Don't get me wrong. DSLRs won't go away, particularly at the high end (basically 77D and up for Canon, D7200 and up for Nikon, and especially full frame). Anything you can do in a mirrorless camera you can add to a DSLR, so the claims that mirrorless will someday do things that DSLRs can't is, I think, mostly incorrect. To some degree, Sony's SLTs have already proven that. I'm thinking more along the lines of "hybrid," where the viewfinder itself can flip between optical and EVF. I wouldn't be surprised if the 1DxIII and D6 we get for the 2020 Tokyo Olympics are just that: have it both ways. 

So the crossroad is this: ILC slowly becomes mirrorless as mainstream, DSLR as smaller high-end niche. 

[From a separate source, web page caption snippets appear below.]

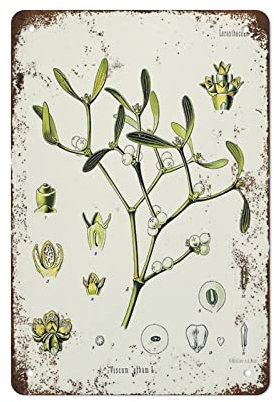 Blechschild mit botanischem Kräuterdruck der Common Mistelzweig – Viscum Album – Old Botanic Chart Diagramm Blechschild, Vintage-Stil, Wanddekoration, Geschenk für Mutter, Vater, Freunde, Blechschild,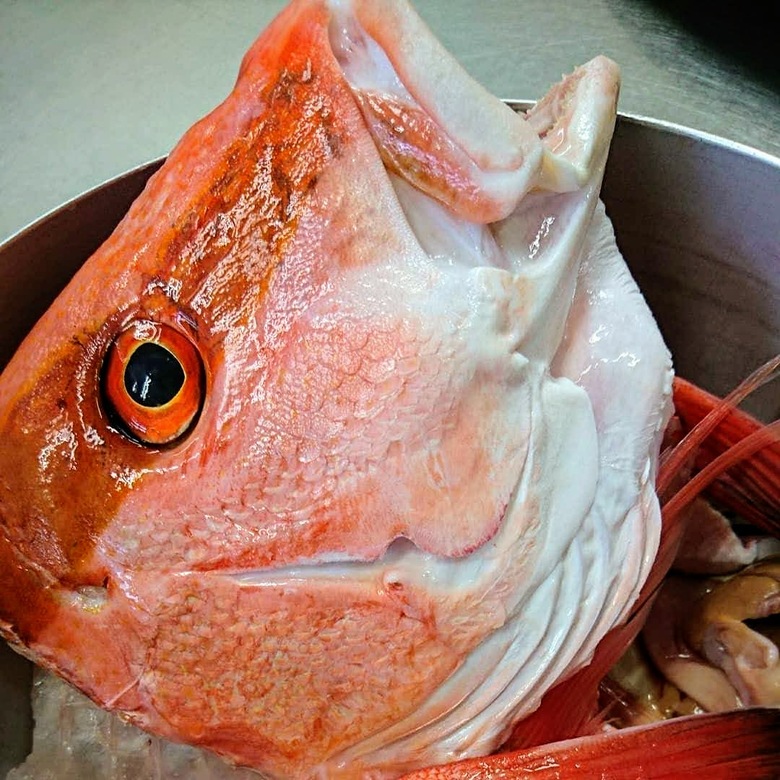 f:id:shimamayaa:20200711021906j:plain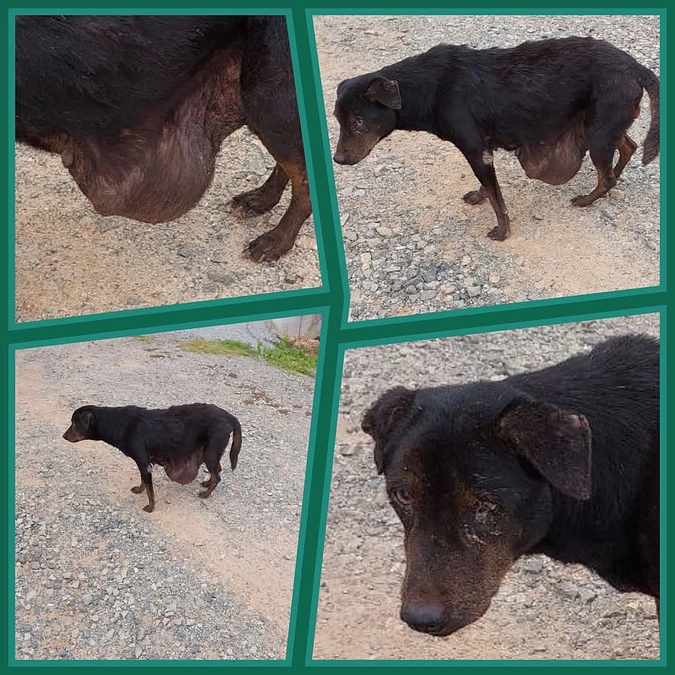 村人からの通報で救助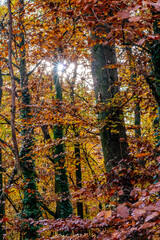Fototapeta premium Sun rays shine through trees in bright autumn colors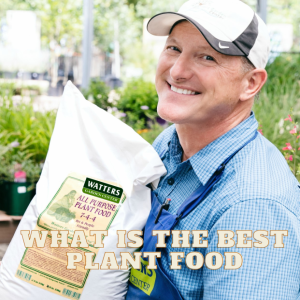 What is the Best Plant Food?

But the road ahead is narrower. 

ILC volume shows no real sign of stabilizing: the numbers go 20m, 17m, 13.8m, 13m, 11.6m. They might hold at around the 11m mark this year partly because of all the delayed entries we didn't get in 2016 due to the sensor shortage. I'd also tend to characterize a fair amount of the volume we're getting now as simple customer iteration coupled with sampling. The customer iteration cycle—the time between when they update a current camera to a new one—is growing; currently somewhere above two camera generations and getting larger. The current customer sampling is a bit higher than it will eventually be as things eventually settle down and people pick their horses for the next race. I would not be surprised to find that at the point where we finally hit the crossroad, the overall ILC volume has dropped to 9m units a year. 

At current market shares, that means:

  • Canon — 4.5m units a year (currently somewhere around 5.5m) 
  • Nikon — 2.4m units a year (currently somewhere around 3m)
  • Sony — 1.3m units a year (currently somewhere around 1.6m)
  • Everyone else — 800k units a year (Olympus alone claims currently at 400-500k)

Given the market dynamics I mention—switch of mirrorless/DSLR dominance, smaller market—Canon's switch to automated manufacturing and now seemingly competent mirrorless camera offerings means they'll be aggressive at keeping that 50% market share. They have the cost factors already in place to do so, they now only need to show that they know how to expand their mirrorless line correctly and usefully, while protecting themselves in the declining DSLR market.

  • What Canon needs: more models, more lenses

Sony seems to have taken a slightly different approach in the past few years, moving further upscale and less worried about volume. Thus, their market share hasn't really budged much from where they started in ILC, though their profitability certainly has risen. Moreover, Sony still cameras share the E/FE mount with Sony video cameras (as well as some sensors), so they're getting bigger returns for their R&D bucks. Smart move, overall, though they really would like to get a larger piece of the market.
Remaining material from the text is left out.